イチロヲ

恋はデジャ・ブのイチロヲのレビュー・感想・評価

恋はデジャ・ブ(1993年製作の映画)
3.5
自己中心的な人生を歩んでいる中年男(ビル・マーレイ)が、不可思議なデジャヴュ現象により、町の祝祭日を何度も体験してしまう。ヒューマニズム(人間らしい生き方)の再確認を説いている、ヒューマン・コメディ。

午前6時で生活がリセットされる世界観の物語。昨今のビデオゲームとの重複がノイズになってしまうが、正しい選択肢が明確化されておらず、選択肢をやり直しても失敗続きになるため、ブラック・ジョークが利いている。

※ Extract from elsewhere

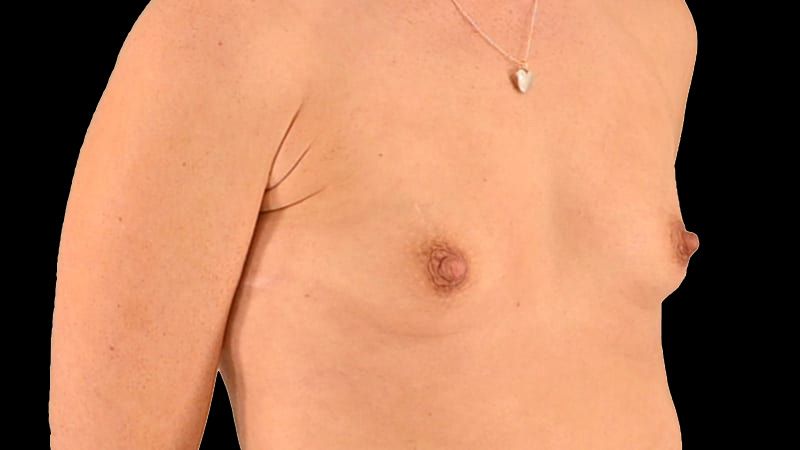 Breast Augmentation Before & After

前半部は、やりたい放題できることに気づいた主人公が、ひたすら遊び保ける展開。後半部は、自己相対化に腐心する主人公が、他人の都合を受け入れることの重要性を諭していく展開。終局では「種の存続」へと鮮やかに着地していく。

「ヒューマニズムに則った人生を送ることができていない人間は、祝祭日を延々と繰り返している状態と同じである」というメッセージを推量することが可能。そして、深く考える以前に「それでもいいや」と思ってしまう自分がいる。